Clichés are so common in government that some are losing their purity and are becoming mixed. For example, a bureaucrat may have a “strange feeling in the back of his mind” or a “gut intuition” that there is a “glitch lurking in the closet,” or even worse, in “the woodpile.” Someone who is proved wrong is said to have been merely “barking in the wind.” Impatient with a wordy subordinate, a senior civil servant in Montana habitually asks, “what’s the punch line?” The inability to keep the clichés segregated, to keep the “punch lines” from the “bottom lines,” is a linguistic phenomenon that stands in need of a name. Perhaps “malaclichiéism” will do. The term “hard-core”—soon to be one word—is another example. This expression had its narrow beginning as a description of dedicated criminals, was expanded to include unfortunates in the ghetto and the unemployment lines, and now is applied to anyone who is determined about something. Under James Watt, the Interior Department is devoted to counteracting the effects of “hard-core nature lovers.”

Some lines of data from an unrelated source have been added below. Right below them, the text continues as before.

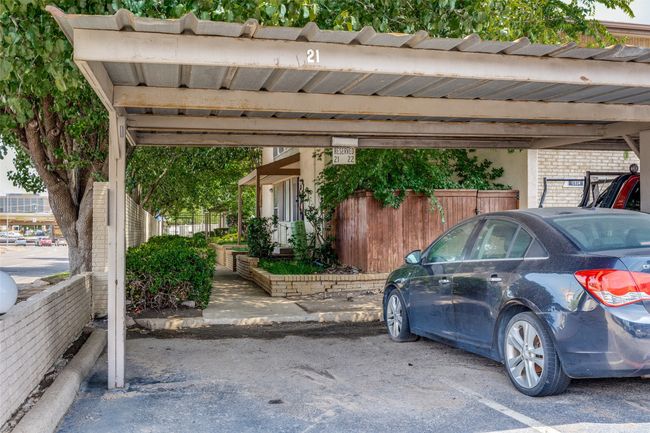 View of covered parking spot. Condo is straight through to the end | Image 23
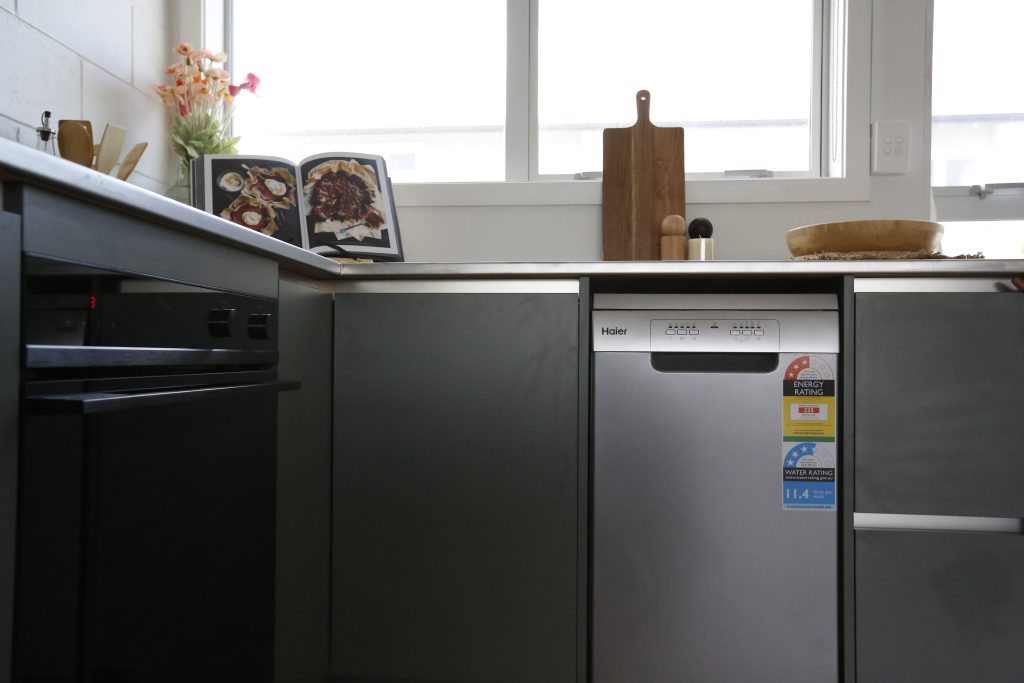 Dark green modern kitchen with stainless steel benchtop in Auckland New Zealand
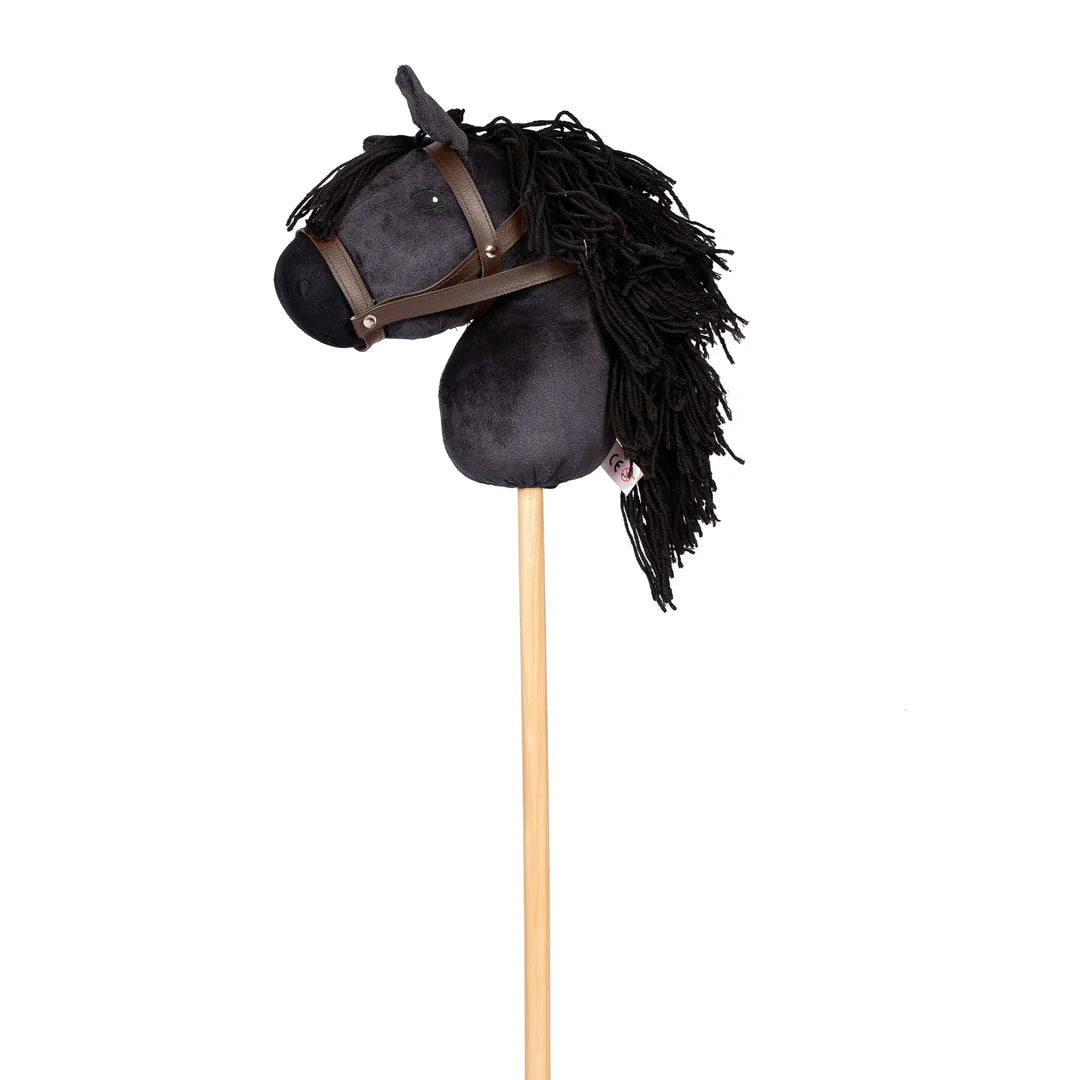 Image of black hobbie horse, showing black plush horse head with black main and brown bridle attached to a pine stock, on white background.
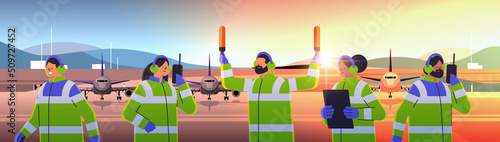 aviation marshallers supervisors team in uniform air traffic controllers airline worker in signal vests professional airport staff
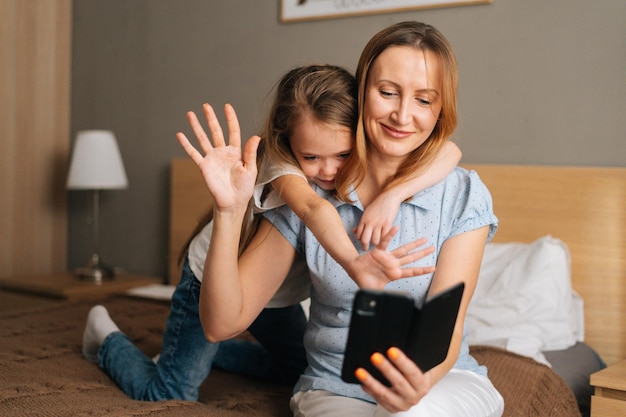 Niña feliz abrazando a una madre sonriente saludando agitando las manos durante una videollamada en línea usando un teléfono móvil, mirando una pantalla de teléfono inteligente. Concepto de actividad de ocio familiar en casa.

* If “in-house” has arrived, can “out-house” be far behind? What kind of paper will “out-house” documents be written on, I wonder?


Clichés are the sometimes playful and profane babble in the Government Tower; jargon is the serious and sacred cant. To appreciate the aptness of the allusion, look at the language of an environmental impact statement. If you read the law, you learn that an environmental impact statement should be written in “plain language,” at the level of a newspaper. It should inform the citizen reader, the law says, and help him to become involved in decisions about public land use. If you read the environmental impact statement itself, however, you will meet a geologist talking about alluvial valley floors, LMUs (logical mining units), and KRCRAs (known recoverable coal resource areas); a sociologist talking about infrastructure and negative labor force residuals; a range scientist talking about AUMs (animal unit months); a hydrologist talking about evapotranspiration; a forester talking about MMBFs (millions board feet); an economist talking about operational baselines and computer population modeling; a wildlife biologist talking about strutting grounds and riparian habitat; and a project manager, a generalist, talking about categorial exclusions and PRLAs (preference right lease applications). Enough! Even the specialists, the writers themselves, cannot understand each other’s tongue waggings.

What exactly is jargon? It is the mystical language of some in-group. Whisper the magical intonation at the door, “synergistic input”; the door opens, and you are met as brother. All fields of knowledge, some more than others, create a certain amount of necessary specialized language. To make a new word or phrase or to change a word from its accepted usage, the rule should be that the effort must be justified by the need to express a genuinely new idea. Much specialized language today is jargon precisely because it is unnecessary, because it embodies nothing new. This language is like the emperor’s new clothes—look with the eyes of a child at the pretending language, at a phrase like “negative labor force residuals,” and you find not a naked thought, but merely nakedness itself.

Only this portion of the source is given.